Three Tips That Help Us to Select Our Test Cases

1. Don’t Try to Minimize the Number of Test Cases

When people write their first unit tests, they typically write test cases that try to assert too many things. For example, these test cases might:

  • Verify the interactions that happened between the system under test and a mock.
  • Ensure that the objects passed to the mock objects contain the correct information.
  • Verify that the tested method returns the correct information.

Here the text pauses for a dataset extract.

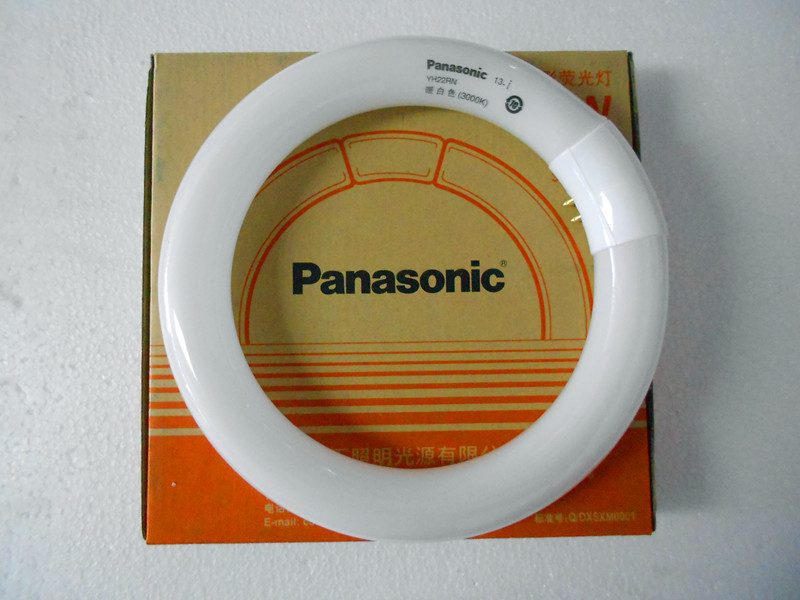 

лампочка Panasonic T8 22W YH22RR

For example, if we have to verify that the save() method of the TaskService class is working as expected, and we want to minimize the number of our unit tests, the source code of our test class might look as follows (the test case is highlighted):

@RunWith(HierarchicalContextRunner.class)
public class TaskServiceTest {
 
    private TaskRepository repository;
    private TaskService service;
     
    @Before
    public void configureSUT() {
        repository = mock(TaskRepository.class);
        service = new TaskService(repository);
    }
	
	public class Save {
	
		TaskFormDTO input;
	
		@Before
		public void configureTestCase() {
			input = createInput();
			returnCreatedTask(input);
		}
		
		private TaskFormDTO createInput() {
			TaskFormDTO input = new TaskFormDTO();
			input.setTitle("title");
			input.setDescription("description");
			return input;
		}
		
		private void returnCreatedTask(TaskFormDTO input) {
			Task created = new TaskBuilder()
					.withId(1L)
					.withCreator(4L)
					.withTitle("title")
					.withDescription("description")
					.withStatusOpen()
					.build();
			given(repository.save(input)).willReturn(created);
		}
		
		@Test
		public void shouldCreateNewTaskAndReturnInformationOfCreatedTask() {
			Task returned = service.save(input);
			
			verify(repository, times(1)).save(assertArg(t -> {
					assertThat(t.getTitle()).isEqualTo("title");
					assertThat(t.getDescription()).isEqualTo("description");
			}));
			
			assertThat(returned.getId()).isEqualByComparingTo(1L);
			
			assertThat(returned.getAssignee()).isNull();
			assertThat(returned.getCloser()).isNull();
			assertThat(returned.getCreator().getId())
					.isEqualByComparingTo(4L);
			
			assertThat(returned.getDescription()).isEqualTo("description");
			assertThat(returned.getTitle()).isEqualTo("title");
			
			assertThat(returned.getStatus()).isEqualTo(TaskStatus.OPEN);
			assertThat(returned.getResolution()).isNull();
		}
	}
}

This test case has three problems:

First, it is “impossible” to figure out short and descriptive name for it. A good test name must describe the expected result, but we cannot really do it because our test verifies too many things.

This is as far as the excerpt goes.